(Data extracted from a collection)
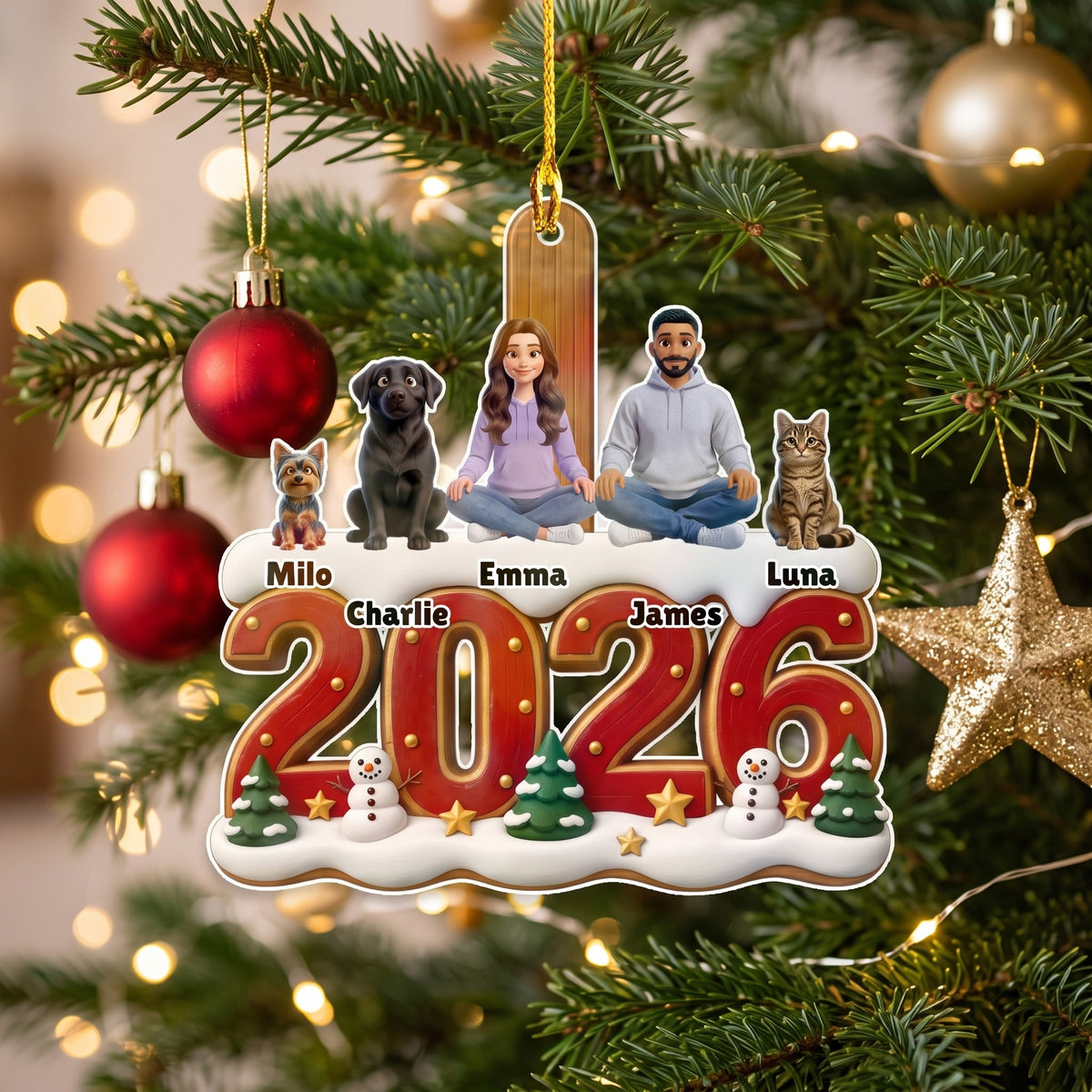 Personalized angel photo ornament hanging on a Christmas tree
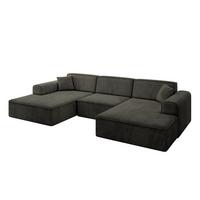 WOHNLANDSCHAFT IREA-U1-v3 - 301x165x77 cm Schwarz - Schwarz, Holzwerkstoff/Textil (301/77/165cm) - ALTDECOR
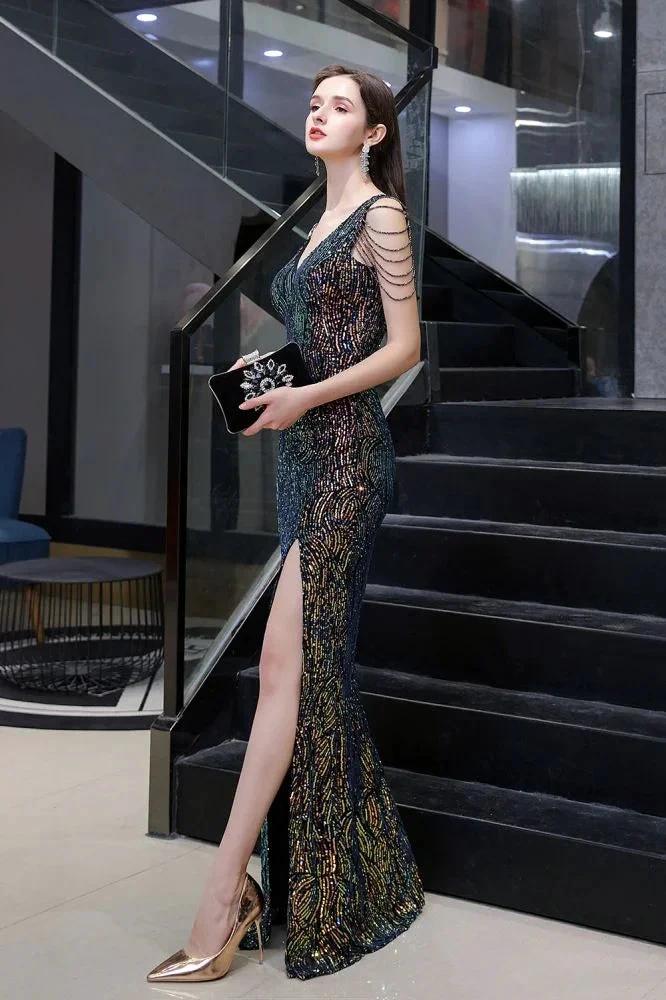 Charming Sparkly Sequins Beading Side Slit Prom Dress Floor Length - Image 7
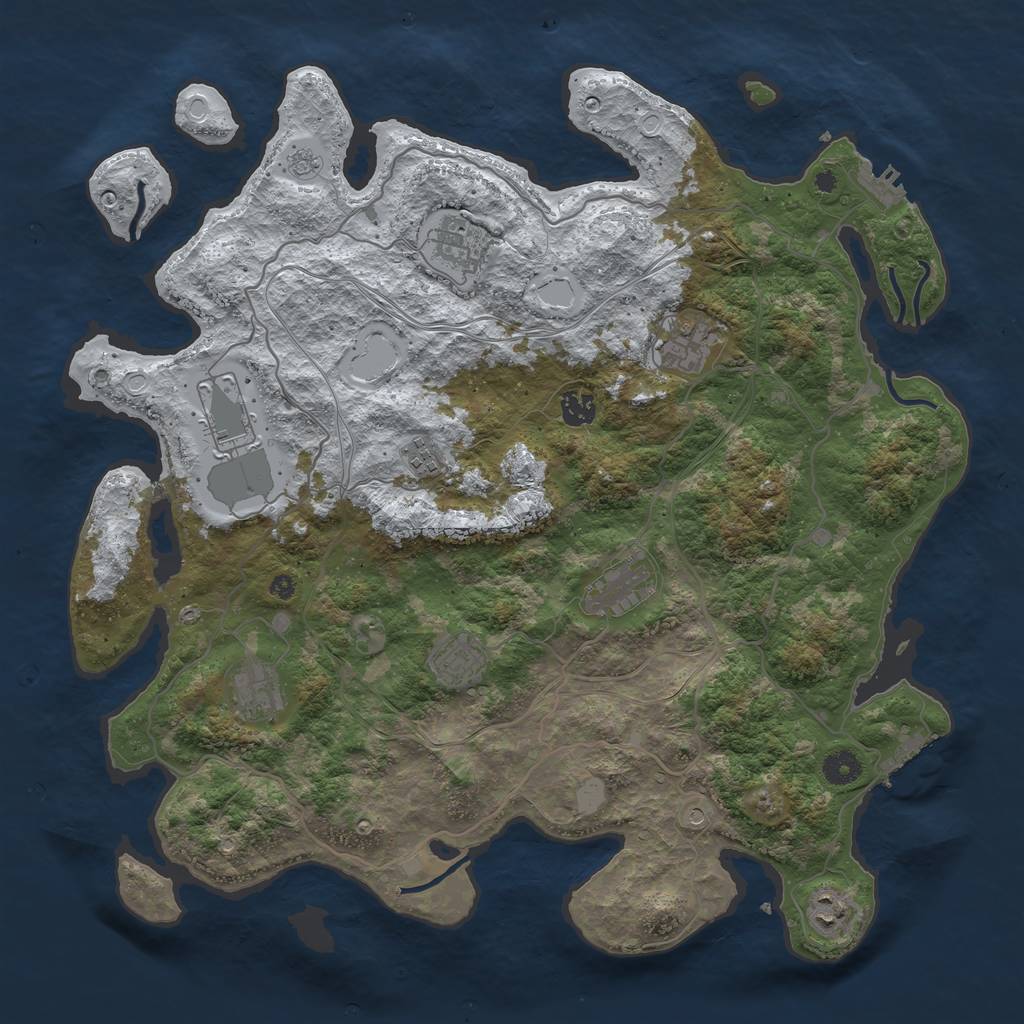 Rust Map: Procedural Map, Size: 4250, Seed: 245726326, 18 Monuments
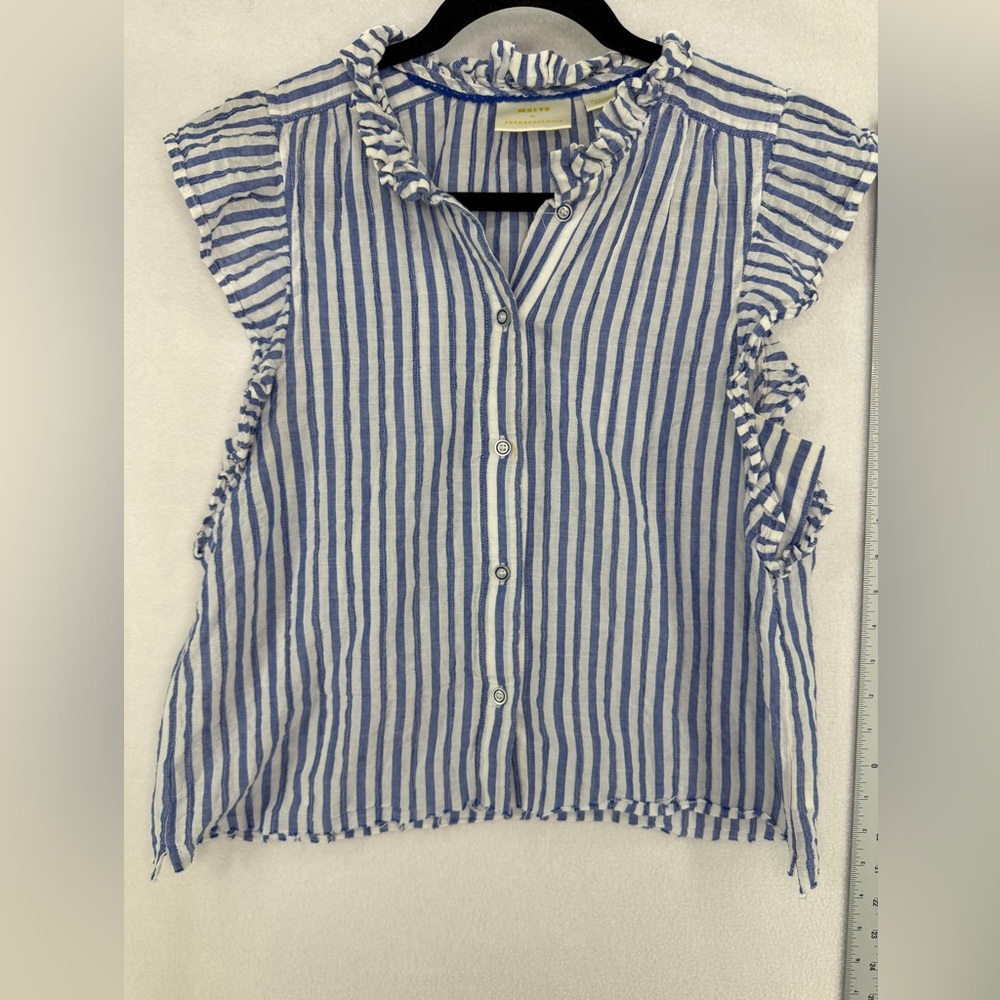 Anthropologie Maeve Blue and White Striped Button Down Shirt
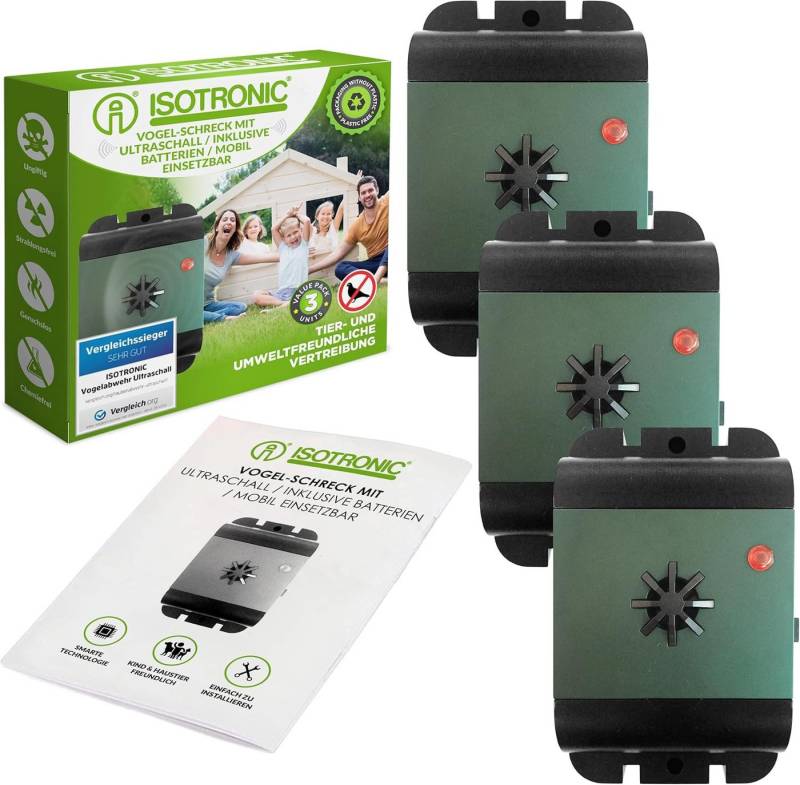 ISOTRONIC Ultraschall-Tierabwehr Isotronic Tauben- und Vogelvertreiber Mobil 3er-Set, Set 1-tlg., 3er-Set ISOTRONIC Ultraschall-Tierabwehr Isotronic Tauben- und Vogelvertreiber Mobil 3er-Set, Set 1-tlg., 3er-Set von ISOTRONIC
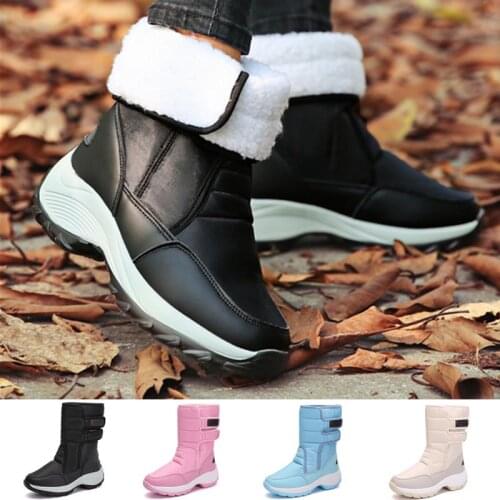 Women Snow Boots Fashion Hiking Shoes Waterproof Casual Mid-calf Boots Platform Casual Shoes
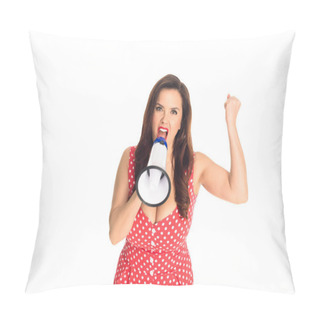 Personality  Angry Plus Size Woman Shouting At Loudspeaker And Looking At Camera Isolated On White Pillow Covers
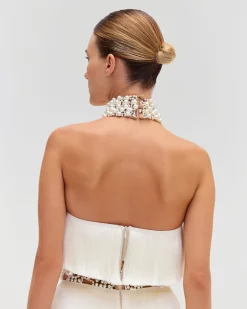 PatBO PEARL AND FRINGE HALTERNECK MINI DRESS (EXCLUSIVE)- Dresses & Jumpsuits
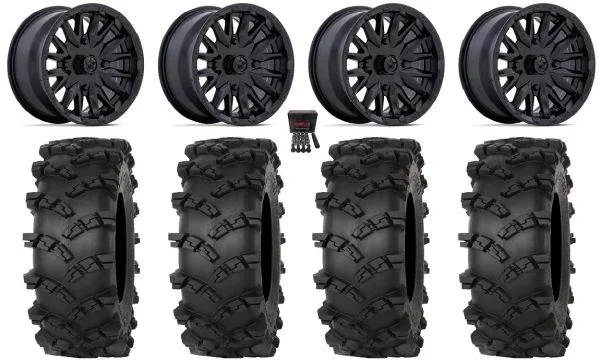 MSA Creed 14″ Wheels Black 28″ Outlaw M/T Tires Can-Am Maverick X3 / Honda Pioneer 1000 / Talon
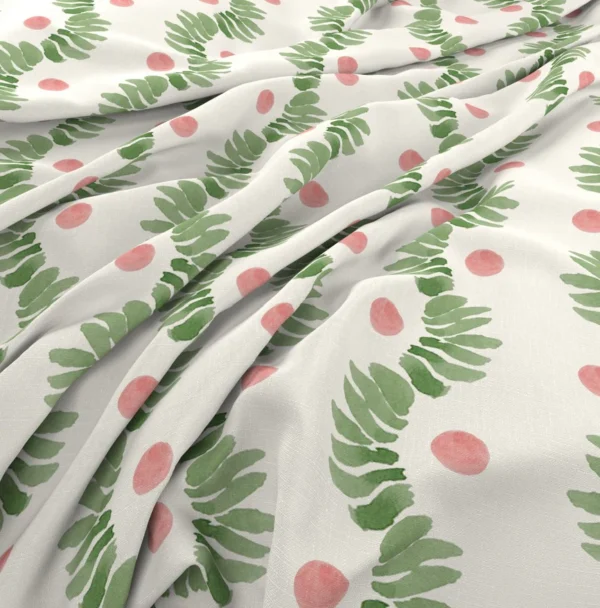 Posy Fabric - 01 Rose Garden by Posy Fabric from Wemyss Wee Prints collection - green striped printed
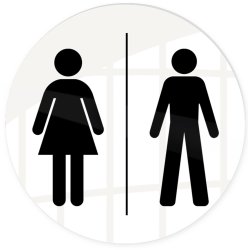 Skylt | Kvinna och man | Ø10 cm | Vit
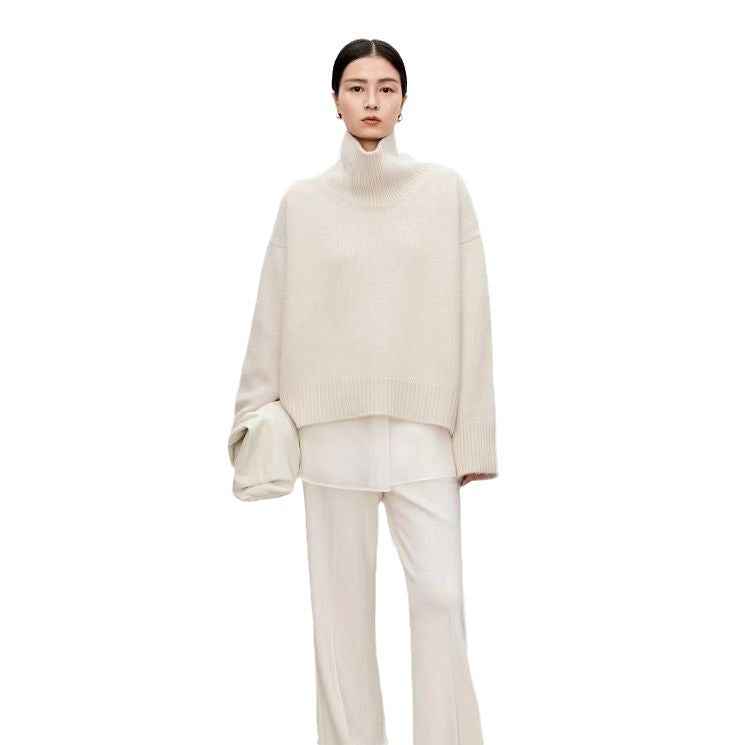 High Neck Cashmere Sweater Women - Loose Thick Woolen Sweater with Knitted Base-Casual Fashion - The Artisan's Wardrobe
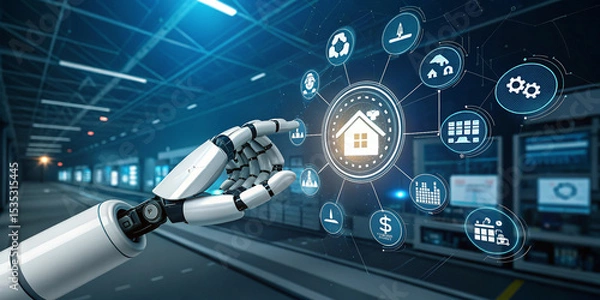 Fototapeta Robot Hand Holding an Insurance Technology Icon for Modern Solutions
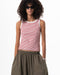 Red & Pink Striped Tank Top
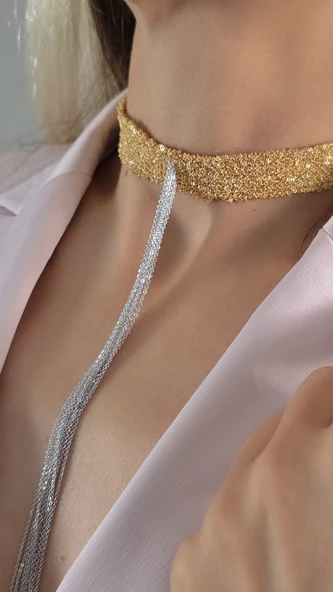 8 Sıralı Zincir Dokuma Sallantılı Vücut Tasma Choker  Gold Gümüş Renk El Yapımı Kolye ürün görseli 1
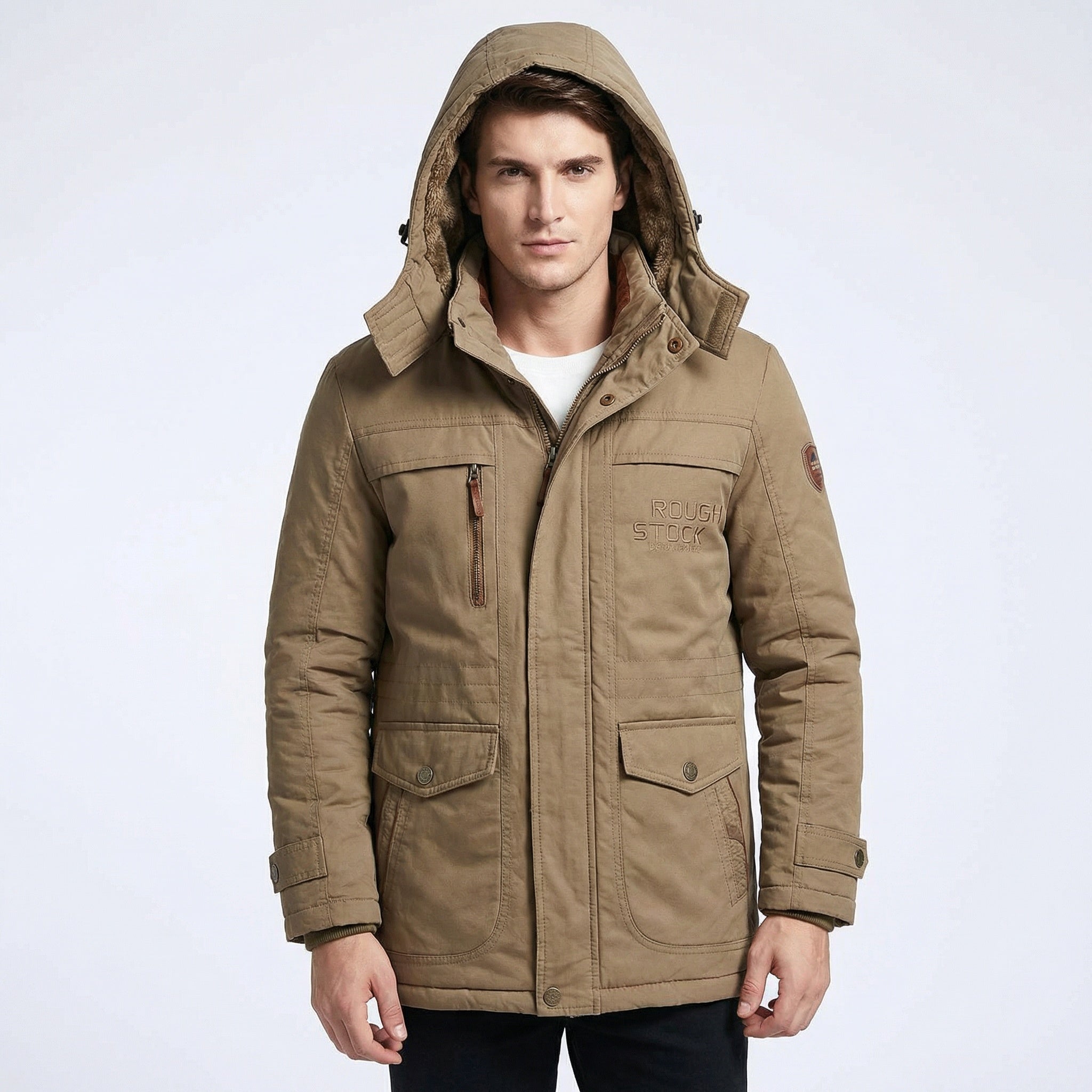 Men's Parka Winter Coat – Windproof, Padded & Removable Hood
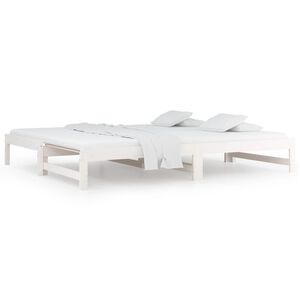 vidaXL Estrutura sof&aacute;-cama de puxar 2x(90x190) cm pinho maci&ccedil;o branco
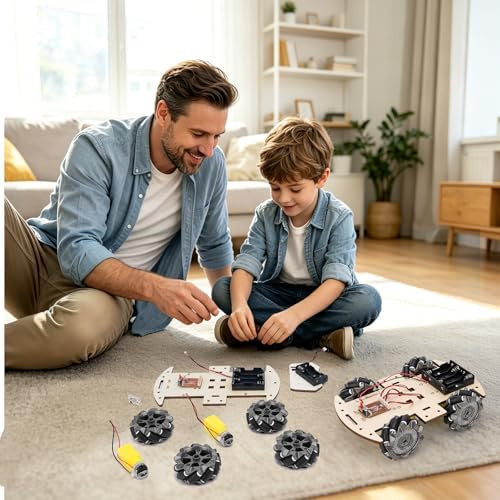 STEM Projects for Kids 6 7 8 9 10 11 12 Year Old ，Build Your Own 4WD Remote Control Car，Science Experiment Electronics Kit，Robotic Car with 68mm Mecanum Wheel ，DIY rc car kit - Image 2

What to do :: Skip the pictures, then write out every entry exactly.

Your solution ::
 Personalized angel photo ornament hanging on a Christmas tree
 WOHNLANDSCHAFT IREA-U1-v3 - 301x165x77 cm Schwarz - Schwarz, Holzwerkstoff/Textil (301/77/165cm) - ALTDECOR
 Charming Sparkly Sequins Beading Side Slit Prom Dress Floor Length - Image 7
 Rust Map: Procedural Map, Size: 4250, Seed: 245726326, 18 Monuments
 Anthropologie Maeve Blue and White Striped Button Down Shirt
 ISOTRONIC Ultraschall-Tierabwehr Isotronic Tauben- und Vogelvertreiber Mobil 3er-Set, Set 1-tlg., 3er-Set ISOTRONIC Ultraschall-Tierabwehr Isotronic Tauben- und Vogelvertreiber Mobil 3er-Set, Set 1-tlg., 3er-Set von ISOTRONIC
 Women Snow Boots Fashion Hiking Shoes Waterproof Casual Mid-calf Boots Platform Casual Shoes
 Personality  Angry Plus Size Woman Shouting At Loudspeaker And Looking At Camera Isolated On White Pillow Covers
 PatBO PEARL AND FRINGE HALTERNECK MINI DRESS (EXCLUSIVE)- Dresses & Jumpsuits
 MSA Creed 14″ Wheels Black 28″ Outlaw M/T Tires Can-Am Maverick X3 / Honda Pioneer 1000 / Talon
 Posy Fabric - 01 Rose Garden by Posy Fabric from Wemyss Wee Prints collection - green striped printed
 Skylt | Kvinna och man | Ø10 cm | Vit
 High Neck Cashmere Sweater Women - Loose Thick Woolen Sweater with Knitted Base-Casual Fashion - The Artisan's Wardrobe
 Fototapeta Robot Hand Holding an Insurance Technology Icon for Modern Solutions
 Red & Pink Striped Tank Top
 8 Sıralı Zincir Dokuma Sallantılı Vücut Tasma Choker  Gold Gümüş Renk El Yapımı Kolye ürün görseli 1
 Men's Parka Winter Coat – Windproof, Padded & Removable Hood
 vidaXL Estrutura sof&aacute;-cama de puxar 2x(90x190) cm pinho maci&ccedil;o branco
 STEM Projects for Kids 6 7 8 9 10 11 12 Year Old ，Build Your Own 4WD Remote Control Car，Science Experiment Electronics Kit，Robotic Car with 68mm Mecanum Wheel ，DIY rc car kit - Image 2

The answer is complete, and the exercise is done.